Prediction Markets for Beginners
If you've never traded a prediction market contract before, this page is for you. We'll walk through what prediction markets are, how they work mechanically, and how to make your first trade — all framed around the idea that $1 is enough to get started and enough to learn everything you need to know.
what you're actually buying
On a prediction market like Kalshi, you buy contracts tied to real-world events. Each contract asks a yes-or-no question: Will it snow in NYC by December 1? Will the Fed raise rates at the next meeting? Will a specific movie gross $100 million opening weekend? If the answer is yes, each 'yes' contract pays $1. If the answer is no, each 'yes' contract pays $0. The price you pay for the contract reflects what the market thinks the probability is.
how pricing works
A contract priced at $0.30 means the market collectively estimates about a 30% chance the event happens. If you buy one 'yes' contract at $0.30 and the event occurs, you receive $1 — a profit of $0.70. If it doesn't happen, you lose your $0.30. The price moves continuously as new information arrives and traders update their positions. When big news breaks, you can watch the price swing in real time.
your first trade: step by step
Pick a market that interests you — something where you have a genuine opinion or just find the question entertaining. Look at the current 'yes' price.
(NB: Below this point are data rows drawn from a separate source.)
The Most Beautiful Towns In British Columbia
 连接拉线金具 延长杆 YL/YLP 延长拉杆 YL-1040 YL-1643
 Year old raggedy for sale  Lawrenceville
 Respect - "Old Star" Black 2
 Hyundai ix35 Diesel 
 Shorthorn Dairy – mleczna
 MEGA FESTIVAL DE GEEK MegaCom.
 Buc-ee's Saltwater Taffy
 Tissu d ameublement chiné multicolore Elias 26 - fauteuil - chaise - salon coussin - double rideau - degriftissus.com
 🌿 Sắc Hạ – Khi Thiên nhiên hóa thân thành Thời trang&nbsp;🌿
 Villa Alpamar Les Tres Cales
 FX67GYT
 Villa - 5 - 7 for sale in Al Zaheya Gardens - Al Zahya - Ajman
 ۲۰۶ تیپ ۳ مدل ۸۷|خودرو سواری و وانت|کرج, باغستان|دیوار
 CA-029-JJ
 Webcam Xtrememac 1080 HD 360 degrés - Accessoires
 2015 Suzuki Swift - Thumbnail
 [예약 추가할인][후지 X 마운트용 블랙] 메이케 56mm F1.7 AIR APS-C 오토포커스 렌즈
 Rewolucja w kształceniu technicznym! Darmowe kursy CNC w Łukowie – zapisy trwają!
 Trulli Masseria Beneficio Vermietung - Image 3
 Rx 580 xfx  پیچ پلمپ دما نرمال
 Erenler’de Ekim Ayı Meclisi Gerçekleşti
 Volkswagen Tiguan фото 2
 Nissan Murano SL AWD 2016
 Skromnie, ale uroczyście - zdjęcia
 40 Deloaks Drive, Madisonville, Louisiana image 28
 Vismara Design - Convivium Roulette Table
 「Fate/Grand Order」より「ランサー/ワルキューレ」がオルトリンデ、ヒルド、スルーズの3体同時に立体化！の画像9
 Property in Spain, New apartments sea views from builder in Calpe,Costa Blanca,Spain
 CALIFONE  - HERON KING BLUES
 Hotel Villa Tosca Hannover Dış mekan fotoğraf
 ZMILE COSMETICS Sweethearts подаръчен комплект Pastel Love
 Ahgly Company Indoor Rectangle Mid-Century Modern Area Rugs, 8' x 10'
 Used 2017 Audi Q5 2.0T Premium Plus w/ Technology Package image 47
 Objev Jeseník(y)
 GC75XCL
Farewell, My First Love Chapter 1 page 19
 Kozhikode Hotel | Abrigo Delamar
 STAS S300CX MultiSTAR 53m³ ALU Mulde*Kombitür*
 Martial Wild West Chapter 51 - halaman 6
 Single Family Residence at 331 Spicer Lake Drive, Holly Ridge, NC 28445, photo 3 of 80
If you think the event is more likely than the price suggests, buy 'yes.' If you think it's less likely, buy 'no.' Decide how much you want to spend (we suggest starting at $1, obviously). Place the order. Then wait for the event to resolve. That's it. You're now a prediction market participant.
you can sell before the event resolves
Unlike a traditional bet where you're locked in until the final whistle, prediction market contracts can be sold at any time before the event resolves. If you bought 'yes' at $0.20 and the price moves to $0.50, you can sell for a profit without waiting for the outcome. This makes prediction markets more like trading than traditional betting — you're not just predicting the event, you're predicting how the market will move.
the $1 framing: why it matters for beginners
Dollar Bets exists because we think the best way to learn prediction markets is with a dollar. At that stake, every win feels clever and every loss feels like paying for entertainment. You can spread $1 across multiple cheap contracts and watch how they move. You can hold a 5-cent longshot for weeks and check it like a lottery ticket. The dollar framing turns learning into a game, which is exactly how learning should work.
common beginner mistakes
Buying contracts priced at $0.95 because they 'seem safe' — the payout is tiny and you're risking $0.95 to win $0.05. Confusing contract price with a guarantee — a $0.80 contract still has a 20% chance of going to zero. Ignoring the resolution criteria — read the fine print on what exactly needs to happen for the contract to pay out. And the biggest mistake: increasing your stake because you 'feel good' about a position. The market doesn't care about your feelings.
Where should beginners start?
Kalshi is the primary CFTC-regulated prediction market exchange in the US. You can sign up, deposit a small amount, and start trading contracts in a few minutes. Browse the Dollar Bets board to find markets that interest you — every listing links directly to the corresponding Kalshi contract. Start with $1. If you enjoy it, you'll know. If you don't, you've lost a dollar and gained some knowledge about market mechanics.
frequently asked questions
How much money do I need to start?
On Kalshi, you can buy a single contract for as little as a few cents. A $5-10 deposit is enough to explore multiple markets. Dollar Bets recommends starting with an amount you'd comfortably spend on a coffee.
Are prediction markets legal?
Kalshi is a CFTC-regulated exchange in the US. Availability varies by state. Other prediction market platforms operate under different regulatory frameworks. Always check the platform's availability in your jurisdiction before signing up.
How is this different from sports betting?
Prediction markets are contract-based exchanges where you trade with other participants. Sportsbooks are run by a house that sets the odds and takes the other side. The mechanics, regulation, and range of available markets are all different.
Can I lose more than I invest?
No. The maximum you can lose on a prediction market contract is the price you paid for it. There are no margin calls, no leverage, and no way to owe more than your initial position.